Bam! You're dead. It was a headshot from far away with the same gun you're using. Dang, they're pretty good. Maybe even too good. Could they be smurfing?
These are the considerations players make in the heat of a competitive FPS like CS:GO, Rainbow Six Siege, or Valorant. When a teammate or opponent seems to be overperforming based on their rank, they might actually be a higher-ranked player using an alternate account (a "smurf" account). The ethics of smurfing (opens in new tab) are complicated, but most agree that playing against a smurf sucks. Some believe smurfing is a problem that developers have little incentive to solve.
That was the conclusion of one commenter on a Valorant subreddit post, who argued Riot is "downplaying the game's glaring issues," namely smurfing, in order to boost total player numbers and sell more skins. The comment specifically called out Valorant senior competitive designer EvrMoar, who personally wrote a 3,400-word response (opens in new tab) to the comment—not something that happens every day.
The gist? EvrMoar says Riot developers are not "shadowy figures" trying to massage Valorant player numbers. He says his team treats smurfing as a serious problem, but wants fans to know that internal research suggests "smurfs are less common than players think."
"Every decision we've made for ranked has always had the question 'will this reduce smurfing' or 'how can we change this to reduce smurfing' during the design phase," he said.
EvrMoar says the claim that more smurf accounts means more success for Riot is false.
"Some of the strongest data we have across the whole game industry, for why matchmakers should even have 'skill-based matchmaking' is that people play the game more and quit less based on how fair matches are. So, by having more smurfs, we would have more unfair matches which increases players quitting our game," EvrMoar said. "Why would we want to drive players away?"
It's not always that cut and dry. I have wondered before if players that maintain alternate accounts end up buying twice as many cosmetics. After all, you never see anyone peeking corners in Valorant with a bog-standard, skinless gun. EvrMoar shoots this idea down too while acknowledging that he is detached from the monetization side of Valorant and can't be totally sure.
"The idea that we want smurfs [because] 'they spend more money' isn't true. Generally, and there will always be exceptions, alt accounts/smurfs actually don't monetize," he said.
That doesn't ease my smurf anxiety, though. It's one thing to know Riot (and every other competitive game dev, for that matter) is aware of the problem, but it's another to feel solutions in action.
What does Valorant do to combat smurfing?
According to Riot, Valorant has a reliable (but imperfect) system for dealing with smurfs. Back in October 2021, EvrMoar wrote (opens in new tab) that Valorant's automatic systems are "really good at detecting smurfs" and quickly correcting their MMR once dialed in.

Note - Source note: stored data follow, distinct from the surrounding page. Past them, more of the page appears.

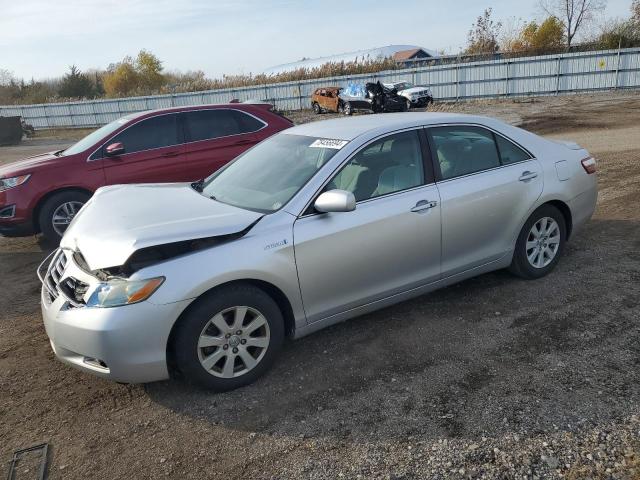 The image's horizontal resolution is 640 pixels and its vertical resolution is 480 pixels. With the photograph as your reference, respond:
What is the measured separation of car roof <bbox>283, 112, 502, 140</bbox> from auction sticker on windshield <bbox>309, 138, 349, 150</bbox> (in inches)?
2.1

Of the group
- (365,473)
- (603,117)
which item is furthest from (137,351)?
(603,117)

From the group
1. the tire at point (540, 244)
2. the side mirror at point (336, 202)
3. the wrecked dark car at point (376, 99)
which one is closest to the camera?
the side mirror at point (336, 202)

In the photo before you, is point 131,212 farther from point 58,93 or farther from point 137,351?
point 58,93

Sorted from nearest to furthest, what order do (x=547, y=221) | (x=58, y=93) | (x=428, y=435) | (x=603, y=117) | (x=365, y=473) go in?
(x=365, y=473) → (x=428, y=435) → (x=547, y=221) → (x=603, y=117) → (x=58, y=93)

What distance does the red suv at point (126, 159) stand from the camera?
6551 millimetres

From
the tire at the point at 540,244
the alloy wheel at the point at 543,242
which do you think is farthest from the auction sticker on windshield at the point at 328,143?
the alloy wheel at the point at 543,242

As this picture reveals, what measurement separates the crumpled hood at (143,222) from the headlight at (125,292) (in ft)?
0.46

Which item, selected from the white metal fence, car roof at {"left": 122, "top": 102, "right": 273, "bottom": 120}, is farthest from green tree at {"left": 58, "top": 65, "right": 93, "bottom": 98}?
car roof at {"left": 122, "top": 102, "right": 273, "bottom": 120}

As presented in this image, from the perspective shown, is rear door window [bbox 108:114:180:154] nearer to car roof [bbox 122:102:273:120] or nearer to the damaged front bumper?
car roof [bbox 122:102:273:120]

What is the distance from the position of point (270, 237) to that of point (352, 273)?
2.21 feet

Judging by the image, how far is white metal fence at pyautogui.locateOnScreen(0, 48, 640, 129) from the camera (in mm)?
26156

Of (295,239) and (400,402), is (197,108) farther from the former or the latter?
(400,402)

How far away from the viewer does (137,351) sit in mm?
3039

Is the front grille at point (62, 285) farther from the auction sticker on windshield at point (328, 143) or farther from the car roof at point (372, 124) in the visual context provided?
the car roof at point (372, 124) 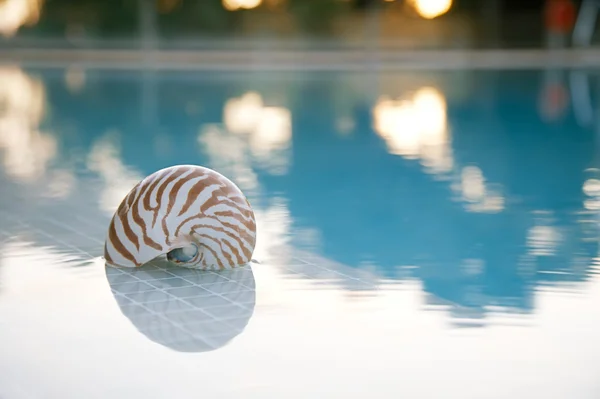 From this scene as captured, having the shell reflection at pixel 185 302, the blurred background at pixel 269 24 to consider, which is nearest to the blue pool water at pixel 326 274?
the shell reflection at pixel 185 302

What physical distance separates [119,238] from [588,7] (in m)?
20.5

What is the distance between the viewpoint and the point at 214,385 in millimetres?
3256

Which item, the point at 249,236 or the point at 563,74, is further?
the point at 563,74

So then why do some players still feel like Valorant is rife with smurfs? Perhaps it's because Riot employs automatic solutions invisible to the players while deliberately not doing visible things that other games do. Both PUBG and Rainbow Six Siege, for instance, require two-factor authentication to play Ranked.
"I think a lot of it is also we don't want to be completely transparent with how we are tackling smurfing. We don't want smurfs to know how we have changed our MMR detection, how we are getting better at tracking them, and how they may be able to get around our systems," EvrMoar said.
What Valorant does do:
- Automatically detect when a player might be smurfing
- Adjust their MMR quickly after several matches
What Valorant does not do:
- Require two-factor authentication to play Ranked
- Require a phone number to play Ranked
Riot has considered two-factor and SMS verification to combat smurfing, but EvrMoar argues that these tactics don't tackle the problem for what it is and instead creates a "secondary solution that blocks people from playing the game because we can't solve the problem directly."

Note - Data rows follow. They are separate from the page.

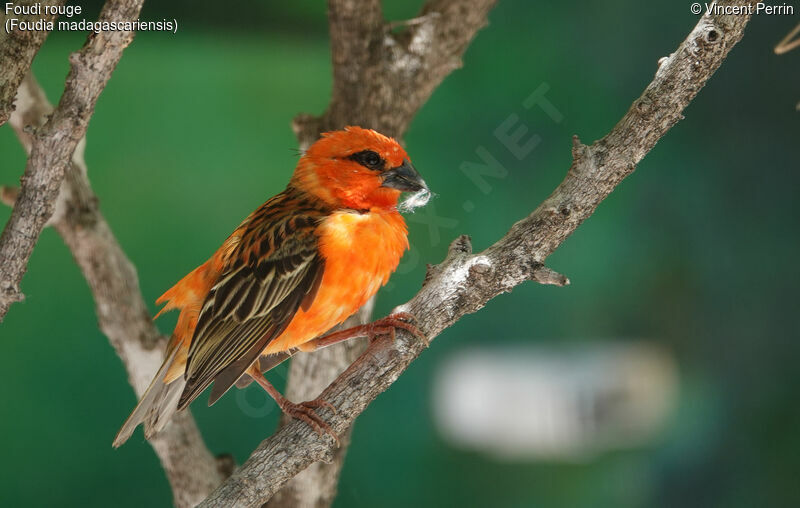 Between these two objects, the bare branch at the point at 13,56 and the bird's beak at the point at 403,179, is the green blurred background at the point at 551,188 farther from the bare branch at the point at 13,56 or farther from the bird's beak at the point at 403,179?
the bare branch at the point at 13,56

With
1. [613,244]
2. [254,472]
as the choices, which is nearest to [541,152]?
[613,244]

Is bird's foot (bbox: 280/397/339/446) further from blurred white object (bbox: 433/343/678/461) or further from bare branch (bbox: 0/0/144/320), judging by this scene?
blurred white object (bbox: 433/343/678/461)

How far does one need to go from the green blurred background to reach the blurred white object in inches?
2.3

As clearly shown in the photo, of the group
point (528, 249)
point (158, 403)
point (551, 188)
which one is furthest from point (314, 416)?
point (551, 188)

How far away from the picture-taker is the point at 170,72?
3398 millimetres

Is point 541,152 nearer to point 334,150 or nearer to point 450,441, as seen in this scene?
point 450,441

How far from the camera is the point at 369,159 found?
6.92 feet

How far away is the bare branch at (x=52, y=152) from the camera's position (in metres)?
1.82

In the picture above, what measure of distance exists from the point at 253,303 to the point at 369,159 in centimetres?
49

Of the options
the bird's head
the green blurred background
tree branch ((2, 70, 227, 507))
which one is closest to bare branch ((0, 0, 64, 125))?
tree branch ((2, 70, 227, 507))

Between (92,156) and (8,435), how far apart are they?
1185mm

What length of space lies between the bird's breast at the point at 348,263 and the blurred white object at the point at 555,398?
1.62 m

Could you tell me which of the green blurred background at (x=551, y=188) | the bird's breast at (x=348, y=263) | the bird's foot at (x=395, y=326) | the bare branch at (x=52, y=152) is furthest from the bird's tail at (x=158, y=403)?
the green blurred background at (x=551, y=188)

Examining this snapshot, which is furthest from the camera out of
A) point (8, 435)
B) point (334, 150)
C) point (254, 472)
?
point (8, 435) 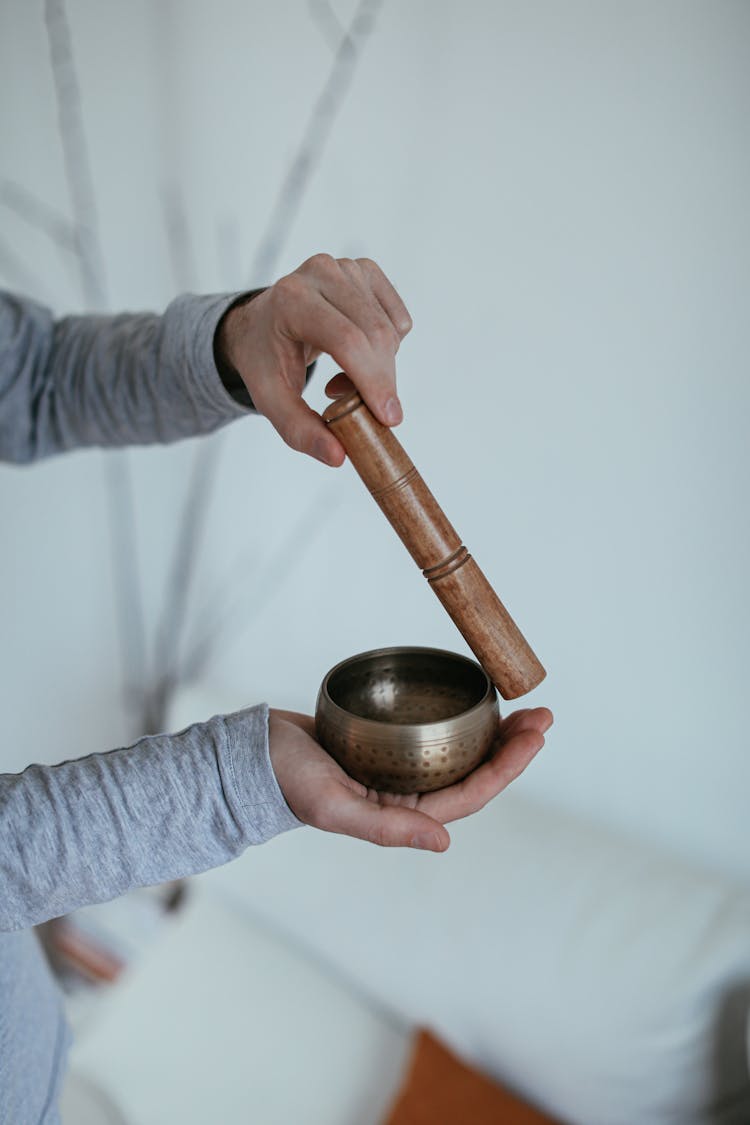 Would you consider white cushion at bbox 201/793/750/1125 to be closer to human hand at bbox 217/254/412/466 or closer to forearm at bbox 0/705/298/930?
forearm at bbox 0/705/298/930

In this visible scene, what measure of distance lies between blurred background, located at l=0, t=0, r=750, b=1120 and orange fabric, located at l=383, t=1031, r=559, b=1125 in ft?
1.50

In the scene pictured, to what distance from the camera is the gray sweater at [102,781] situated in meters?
0.67

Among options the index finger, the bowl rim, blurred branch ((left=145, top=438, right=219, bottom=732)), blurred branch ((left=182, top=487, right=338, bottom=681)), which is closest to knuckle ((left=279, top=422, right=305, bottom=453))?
the bowl rim

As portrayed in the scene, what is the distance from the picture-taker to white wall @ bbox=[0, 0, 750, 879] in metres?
1.16

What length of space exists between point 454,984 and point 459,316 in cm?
107

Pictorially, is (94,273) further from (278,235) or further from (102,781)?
(102,781)

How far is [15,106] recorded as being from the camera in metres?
1.55

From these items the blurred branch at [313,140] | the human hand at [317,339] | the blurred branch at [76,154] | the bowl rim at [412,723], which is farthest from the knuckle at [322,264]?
the blurred branch at [76,154]

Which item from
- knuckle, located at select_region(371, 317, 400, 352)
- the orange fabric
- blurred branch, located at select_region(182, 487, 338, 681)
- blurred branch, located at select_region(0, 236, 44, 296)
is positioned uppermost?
blurred branch, located at select_region(0, 236, 44, 296)

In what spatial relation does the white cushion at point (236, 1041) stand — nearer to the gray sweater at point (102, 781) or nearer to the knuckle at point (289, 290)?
the gray sweater at point (102, 781)

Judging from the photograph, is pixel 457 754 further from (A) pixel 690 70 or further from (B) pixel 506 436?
(A) pixel 690 70

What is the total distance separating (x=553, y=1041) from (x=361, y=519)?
→ 89cm

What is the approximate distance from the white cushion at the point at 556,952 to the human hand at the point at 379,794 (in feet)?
2.12

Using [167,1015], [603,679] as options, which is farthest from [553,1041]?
[167,1015] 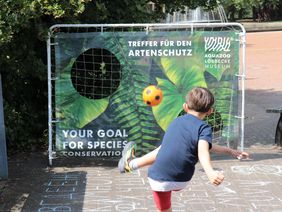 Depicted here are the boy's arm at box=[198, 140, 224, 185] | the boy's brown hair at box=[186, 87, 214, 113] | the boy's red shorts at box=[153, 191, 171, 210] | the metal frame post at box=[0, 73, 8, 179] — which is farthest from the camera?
the metal frame post at box=[0, 73, 8, 179]

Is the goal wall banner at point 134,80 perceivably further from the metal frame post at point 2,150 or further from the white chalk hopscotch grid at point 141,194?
the metal frame post at point 2,150

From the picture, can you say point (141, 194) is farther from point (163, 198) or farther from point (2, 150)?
point (163, 198)

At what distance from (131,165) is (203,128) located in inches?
30.5

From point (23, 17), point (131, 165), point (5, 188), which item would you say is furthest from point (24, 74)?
point (131, 165)

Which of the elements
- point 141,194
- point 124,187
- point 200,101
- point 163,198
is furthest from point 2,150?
point 200,101

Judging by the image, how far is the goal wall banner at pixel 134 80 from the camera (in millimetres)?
8031

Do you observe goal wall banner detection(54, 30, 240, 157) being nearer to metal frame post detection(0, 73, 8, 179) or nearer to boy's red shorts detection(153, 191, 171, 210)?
metal frame post detection(0, 73, 8, 179)

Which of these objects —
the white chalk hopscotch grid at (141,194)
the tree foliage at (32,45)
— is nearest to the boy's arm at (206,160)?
the white chalk hopscotch grid at (141,194)

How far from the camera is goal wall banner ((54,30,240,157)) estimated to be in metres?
8.03

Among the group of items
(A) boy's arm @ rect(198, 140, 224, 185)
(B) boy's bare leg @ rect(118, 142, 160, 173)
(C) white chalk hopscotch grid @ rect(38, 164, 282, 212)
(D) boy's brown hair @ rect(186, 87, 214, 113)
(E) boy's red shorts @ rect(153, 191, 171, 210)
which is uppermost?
(D) boy's brown hair @ rect(186, 87, 214, 113)

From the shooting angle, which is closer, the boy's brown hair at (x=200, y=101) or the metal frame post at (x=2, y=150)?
the boy's brown hair at (x=200, y=101)

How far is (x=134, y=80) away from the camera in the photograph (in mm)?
8148

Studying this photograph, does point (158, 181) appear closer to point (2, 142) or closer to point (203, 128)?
point (203, 128)

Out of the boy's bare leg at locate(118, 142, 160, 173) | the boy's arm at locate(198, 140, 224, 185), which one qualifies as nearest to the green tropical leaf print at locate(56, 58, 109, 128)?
the boy's bare leg at locate(118, 142, 160, 173) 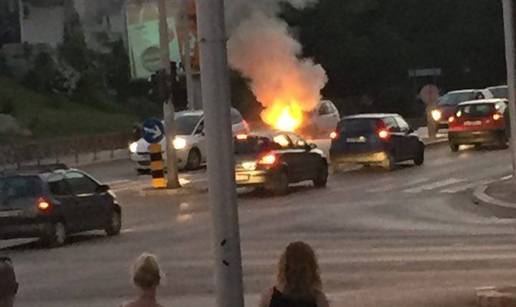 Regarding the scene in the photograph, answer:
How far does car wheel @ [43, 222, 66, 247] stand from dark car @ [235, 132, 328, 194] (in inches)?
335

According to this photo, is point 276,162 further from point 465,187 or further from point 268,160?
point 465,187

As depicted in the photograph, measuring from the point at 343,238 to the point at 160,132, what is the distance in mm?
13626

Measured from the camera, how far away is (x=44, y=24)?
281ft

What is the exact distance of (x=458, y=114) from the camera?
45.4m

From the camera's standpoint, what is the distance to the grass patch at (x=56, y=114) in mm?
63844

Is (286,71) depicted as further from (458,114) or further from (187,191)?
(187,191)

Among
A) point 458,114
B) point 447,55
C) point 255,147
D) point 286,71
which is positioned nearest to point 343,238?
point 255,147

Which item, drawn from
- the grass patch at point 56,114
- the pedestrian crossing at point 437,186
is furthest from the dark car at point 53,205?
the grass patch at point 56,114

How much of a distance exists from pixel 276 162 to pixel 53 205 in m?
9.89

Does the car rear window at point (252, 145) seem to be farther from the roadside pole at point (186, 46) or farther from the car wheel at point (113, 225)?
the roadside pole at point (186, 46)

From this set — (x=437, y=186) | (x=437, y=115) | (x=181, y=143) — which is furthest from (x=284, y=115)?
(x=437, y=186)

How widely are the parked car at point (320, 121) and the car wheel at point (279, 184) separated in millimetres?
18556

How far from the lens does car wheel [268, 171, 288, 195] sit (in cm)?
3350

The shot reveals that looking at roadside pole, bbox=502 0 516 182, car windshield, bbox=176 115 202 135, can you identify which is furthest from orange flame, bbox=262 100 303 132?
roadside pole, bbox=502 0 516 182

To illustrate the point, EvrMoar described a hypothetical situation where implementing SMS/two-factor authentication might cut the number of smurf accounts in half, but could simultaneously block several times more legitimate players that play Valorant in a gaming cafe or don't have a phone (even if that's just 3% of players, it's still a lot if less than 1% are smurfs).

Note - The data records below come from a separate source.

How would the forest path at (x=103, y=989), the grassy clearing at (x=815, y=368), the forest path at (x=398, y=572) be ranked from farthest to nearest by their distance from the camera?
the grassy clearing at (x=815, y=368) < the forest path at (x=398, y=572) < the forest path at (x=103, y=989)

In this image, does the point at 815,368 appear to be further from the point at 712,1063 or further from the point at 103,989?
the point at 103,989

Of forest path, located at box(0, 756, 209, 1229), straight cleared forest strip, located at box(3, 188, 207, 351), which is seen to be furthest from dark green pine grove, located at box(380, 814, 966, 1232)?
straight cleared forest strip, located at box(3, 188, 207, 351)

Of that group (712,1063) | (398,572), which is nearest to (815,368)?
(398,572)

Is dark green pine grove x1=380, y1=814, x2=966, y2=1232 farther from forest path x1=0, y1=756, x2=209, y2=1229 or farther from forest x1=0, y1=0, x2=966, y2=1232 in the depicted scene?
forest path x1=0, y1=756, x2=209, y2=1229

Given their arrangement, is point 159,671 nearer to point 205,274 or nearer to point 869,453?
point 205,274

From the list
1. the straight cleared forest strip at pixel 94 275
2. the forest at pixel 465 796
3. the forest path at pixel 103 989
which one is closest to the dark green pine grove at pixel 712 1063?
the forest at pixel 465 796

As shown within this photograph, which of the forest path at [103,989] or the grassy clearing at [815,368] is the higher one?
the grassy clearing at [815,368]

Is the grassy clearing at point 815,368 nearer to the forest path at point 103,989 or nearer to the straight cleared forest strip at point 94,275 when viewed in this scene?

EvrMoar reckons these mitigations might not be worth the trouble when players dedicated to making a smurf account can simply make a new email address or sign up for another phone number to get around it. He's not closing the door on two-factor entirely, though: "We just don't think we've exhausted all our attempts at solutions and need to fall back to mitigations yet."
Whether or not these invisible solutions will ever completely "solve" smurfing, it's nice to see Riot be more publicly proactive about the issue than other developers. Last month, patch 5.01 (opens in new tab) kicked off testing for "New Smurf Detection functionality" in North America. The patch notes were no more specific than that, but EvrMoar mentioned that the results are "looking very promising."